Горький поравнялся с нами и… прошел дальше немного развалистой походкой, покуривая и покашливая.
И все.
Даже ничего не спросил. Ни кто мы, ни каково работается. Посмотрел из под насупленных бровей и дальше.
Направился он по лесной дороге в Соловецкое пушное хозяйство. Здесь, в лесу на дороге его подстерег и перенял топограф Ризабелли. Он вышел из чащи неожиданно для чекистов и, уйдя с Горьким вперед, рассказал ему о многом, что творилось в лагере. Улучшив минуту Ризабелли опять юркнул в кусты. Воображал, что была, не была, но он сделал свое смелое дело: открыл Горькому глаза на Соловецкую правду и предостерег его от чекистской туфты.
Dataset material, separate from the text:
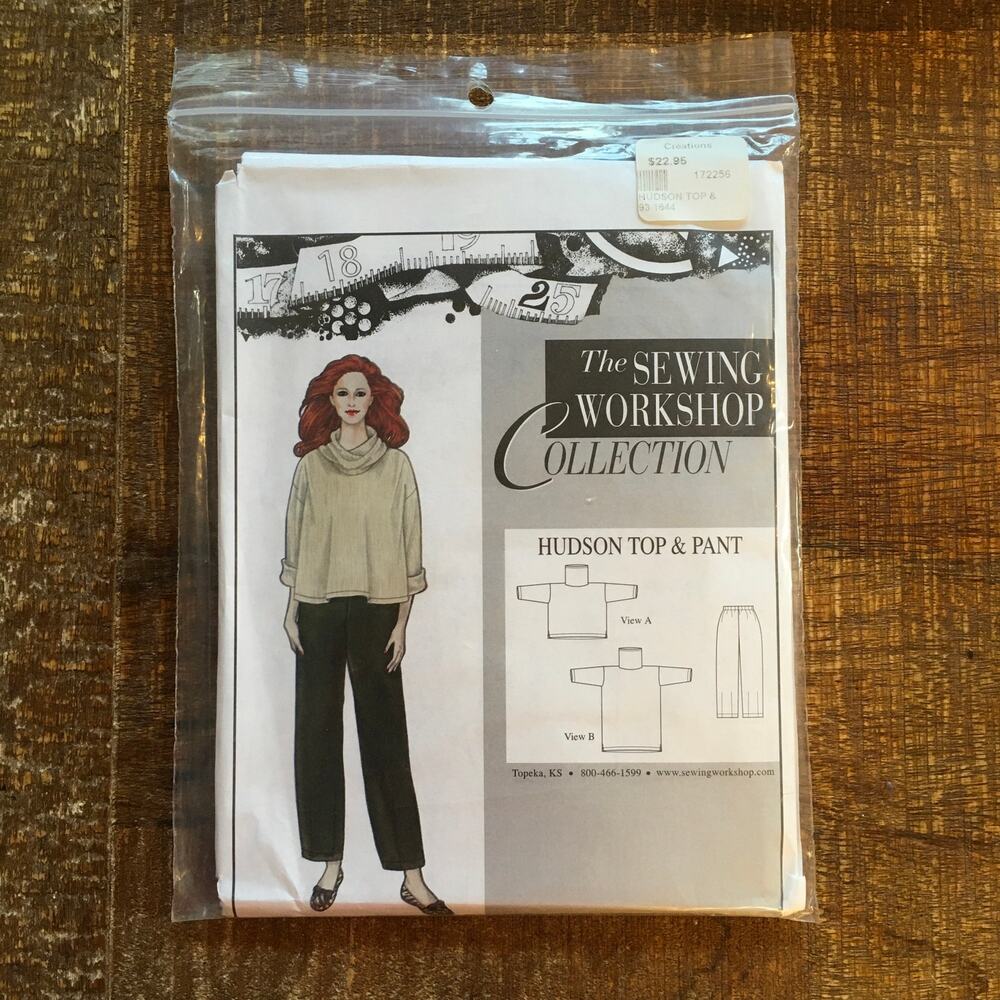 Sewing Workshop Pattern Womens Hudson Top & Pant Artisan Lagenlook 6-22 UNCUT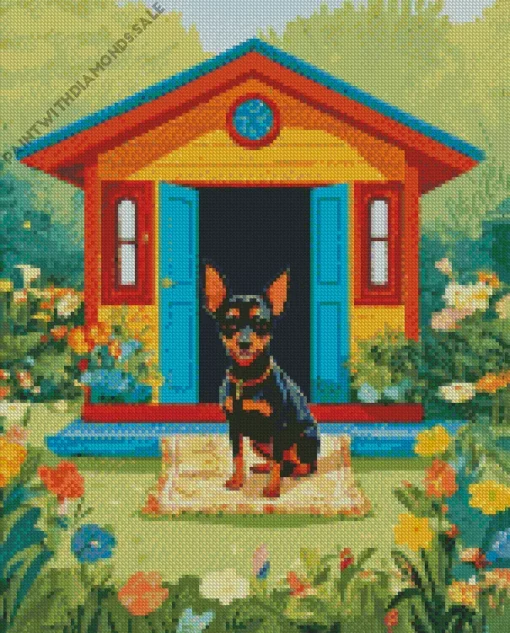 Miniature Pinscher Puppy Diamond Painting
Горький посетил на главном острове все места, где работали заключенные, побывал всюду за исключением рабочих рот, то есть, как раз дна лагерной жизни. Был показан Горькому даже Секирный изолятор. Здесь была загнута туфта по всем правилам чекистского непревзойденного искусства. Подлинные заключенные Секирного изолятора были заранее переведены за шесть километров на Амбарную (скит на островах на Амбарном озере). Вместо них сидело шестеро переодетых чекистов. Горький застал их благодушно читающими газеты. Не тюрьма, а читальня, не застенок, а клуб.
На электростанции начальник её, инженер из заключенных, не убоясь чекистов, обратился к Горькому в присутствии их со слезами, умоляя о защите. И еще шесть заключенных, один за другим, находили случай проникать к Горькому, чтобы осветить перед ним с возможной полнотою, творящиеся в Соловках чекистские преступления. Так что туфта туфтой, но Горький всю правду видел и был осведомлен обо всем.
Туфта же, конечно, усердствовала во всю. Ровно в двенадцать часов был дан с электростанции гудок: впервые со дня основания лагеря. За гудком последовал двухчасовой отдых: это уже совсем неслыханно и из ряда вон выходило. Несколько дней прожил Горький на Соловках в удобном хуторе Горки, и во все эти несколько дней мы имели двухчасовой обеденный отдых.
Ага — думаем, вот оно что. Новым ветром повеяло. Вот оно уже сказывается человеколюбивое влияние проницательного босяка, которого туфтою не проведешь, потому что он сам все испытал на своей собственной шкуре… Новых порядков надо ждать… Новые дни идут…
И они пришли, эти новые дни. Две недели спустя, мы прочли в «Известиях» хвалебную статью Максима Горького о политике ГПУ, с защитою смертной казни. Он объявлял естественным и законным «уничтожение классовых врагов»: меч пролетариата, то есть ГПУ, должен, дескать, прокладывать дорогу будущему.
А мы, как были, так и остались «удобрением для коммунистических посевов». И больше никаких льготных гудков, никаких двухчасовых отдыхов. Получили еще урок, еще одно подтверждение нашей обреченности.
И опять потянулись унылые дни без просвета, без надежды на избавление, без надежды когда-нибудь увидеть близких."